Hawaii’s New Industry: Solar Farming
Solar electrical systems aren’t only being considered for homes and business buildings.
At least three solar farms are being considered for Hawai’i. The James Campbell Co. last month signed an agreement with a Hoku Scientific Inc. unit to plan a Kapolei Sustainable Energy Park that would be capable of generating 1.5 mega watts of power, or enough to power 6,700 homes for a year.
The photovoltaic farm would be the largest such facility on O’ahu, though plans are afoot for an even larger 10-megawatt solar farm on O’ahu using a slightly different technology known as concentrating solar power. Sopogy Inc., a Honolulu-based company, wants to build the facility with the help of up to $35 million of special purpose revenue bonds.
Sopogy already is in the process of planning and building a 1-megawatt solar farm using its technology at the Natural Energy Laboratory of Hawaii Authority on the Big Island.
Instead of employing photovoltaic cells that convert light to electricity, the system makes use of curved mirrors that intensify and focus sun energy on a pipe filled with a fluid. After being heated, the fluid can be used to drive turbines and generate electricity, for use in absorption electricity or steam creation.
While the technology has been around for more than 30 years, Sopogy says it has a design that makes the process more efficient.
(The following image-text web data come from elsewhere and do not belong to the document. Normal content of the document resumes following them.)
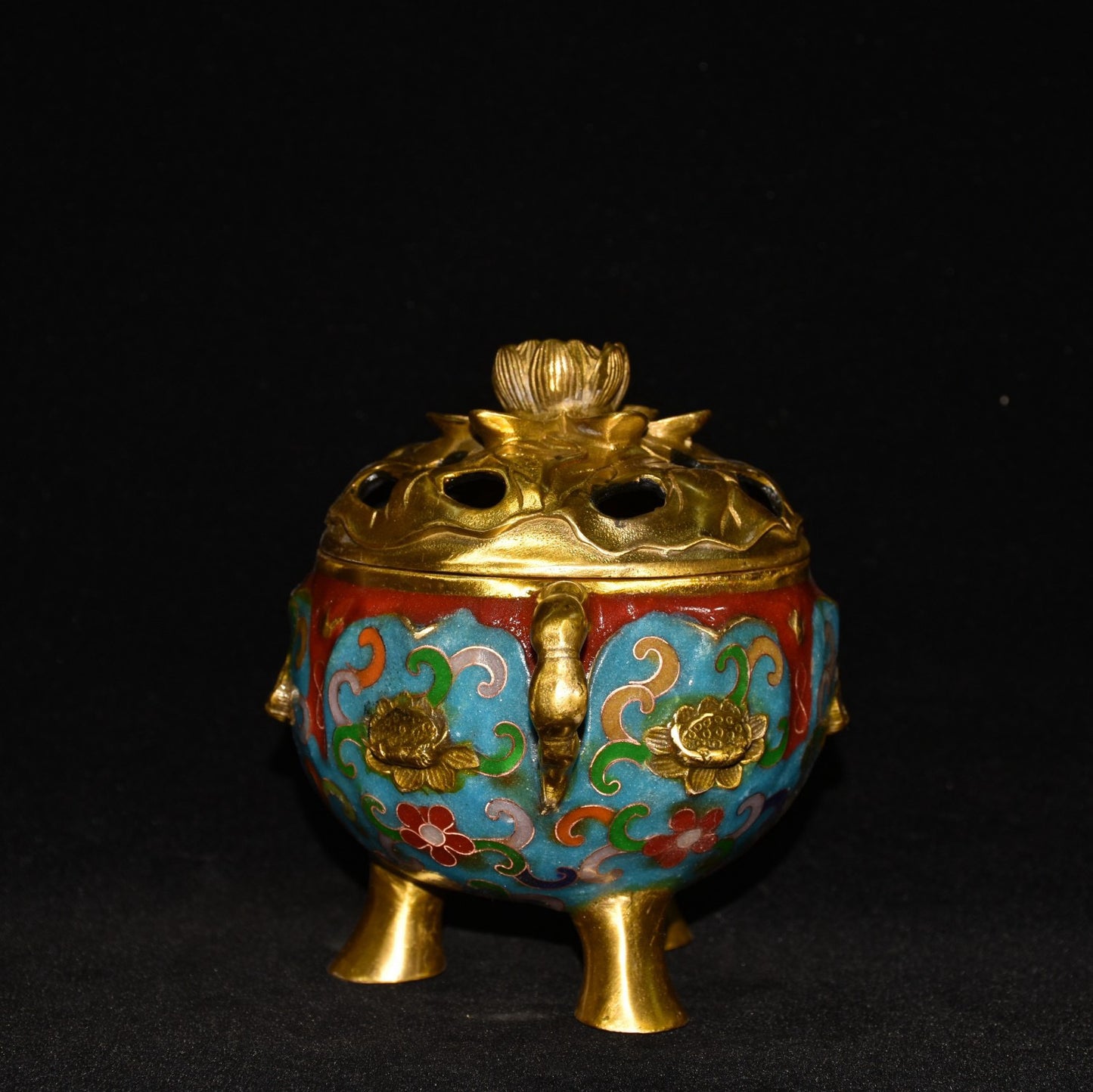 Pure copper cloisonne incense burner ornament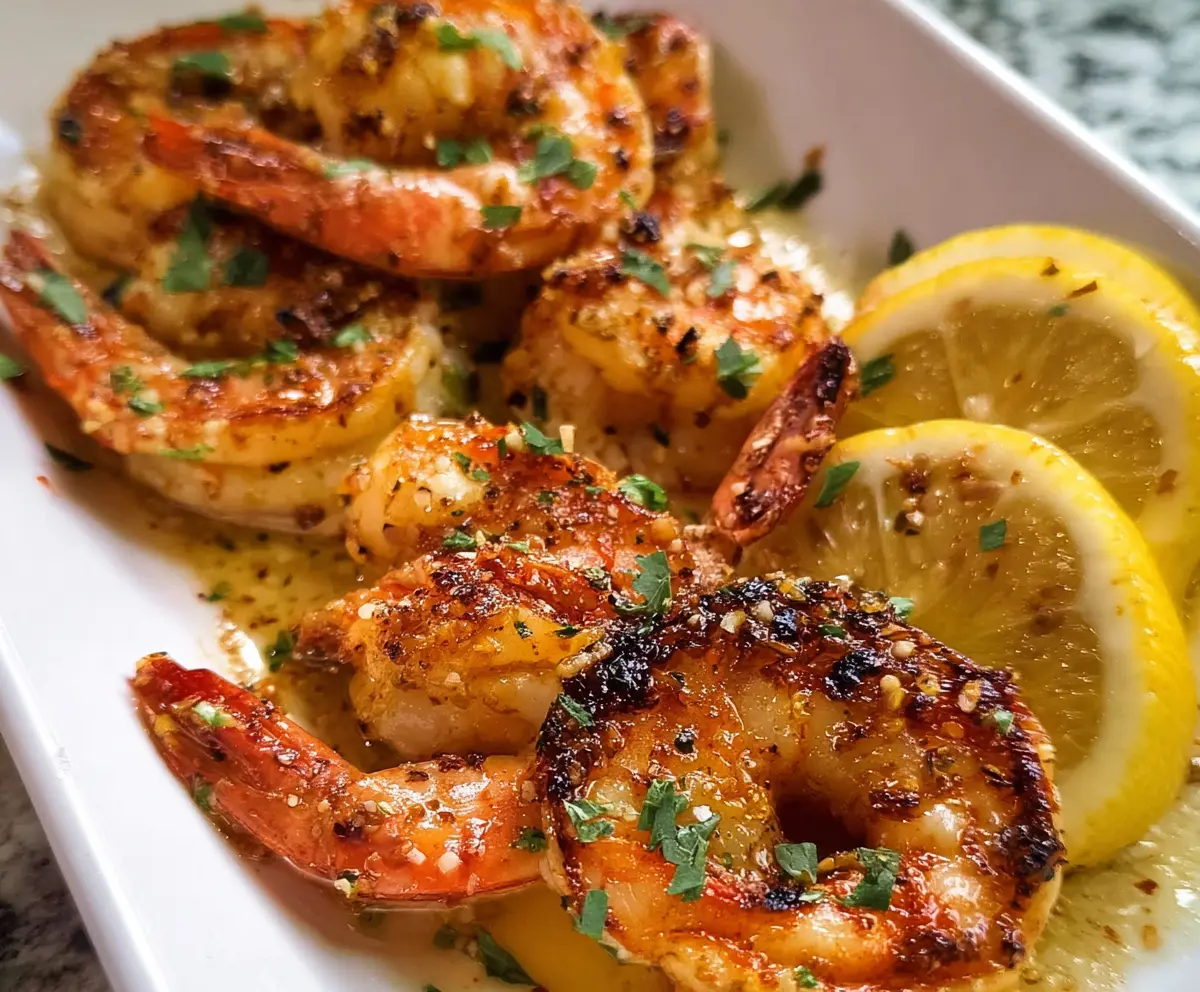 Delicious grilled lemon garlic shrimp served on a plate, perfect for seafood lovers.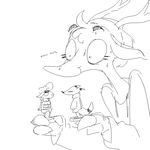  anthro canine caprine cervine charlie_(weaver) clothed clothing deer dialogue disney female figurine fox horn male mammal middry monochrome pack_street remmy_cormo sheep text wide_eyed zootopia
“It’s a very interesting approach,” said Darren Kimura, president of Sopogy, which last year attracted more than $9 million in venture capital funding.
“We feel very comfortable with moving forward with a significantly larger project.”
Kimura said he is receiving calls and e-mails on a regular basis asking about the technology, which, unlike photovoltaic, can be used to generate electricity at night by storing the heated fluid during the day for use hours later.
Kimura declined to say where the O’ahu solar farm might be located and said he has been in discussions with Hawaiian Electric Co. about the project.